-------- The data

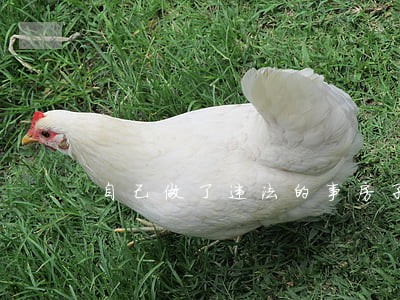 自己做了违法的事房子会有事嘛 自己做了违法的事房子会有事嘛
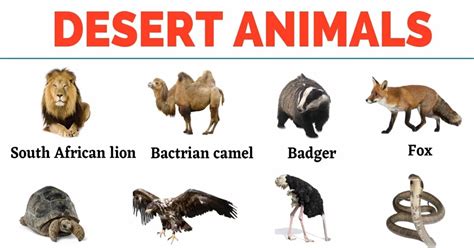 Desert Animals With Names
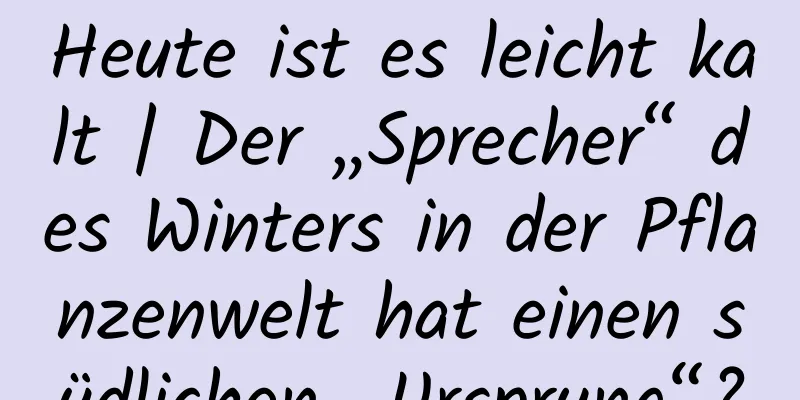 Heute ist es leicht kalt | Der „Sprecher“ des Winters in der Pflanzenwelt hat einen südlichen „Ursprung“?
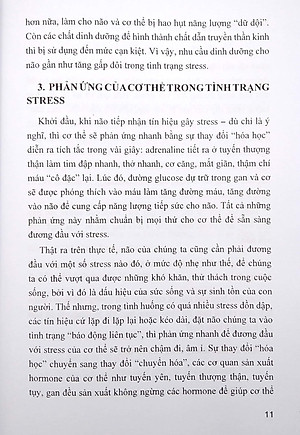 Chế Độ Ăn Bổ Trí Não Giảm Stress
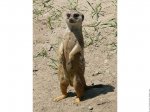 animal,fond-ecran-suricate,09.jpg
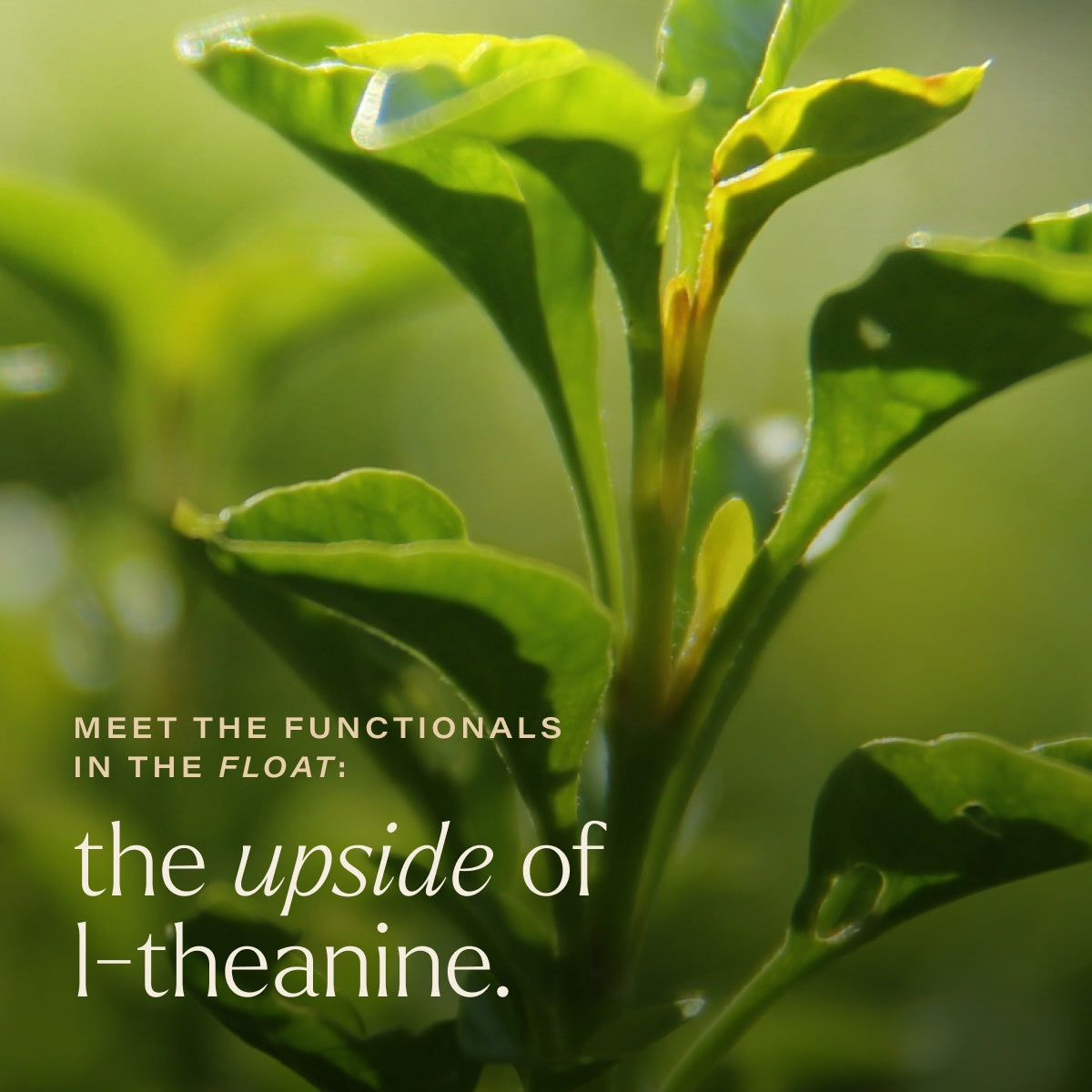 feel the float with l-theanine.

----------------

Starting at the line with "Heute ist es", transcribe the listing above exactly through its last line. No picture belongs in the transcription.

 Heute ist es leicht kalt | Der „Sprecher“ des Winters in der Pflanzenwelt hat einen südlichen „Ursprung“?
 Chế Độ Ăn Bổ Trí Não Giảm Stress
 animal,fond-ecran-suricate,09.jpg
 feel the float with l-theanine.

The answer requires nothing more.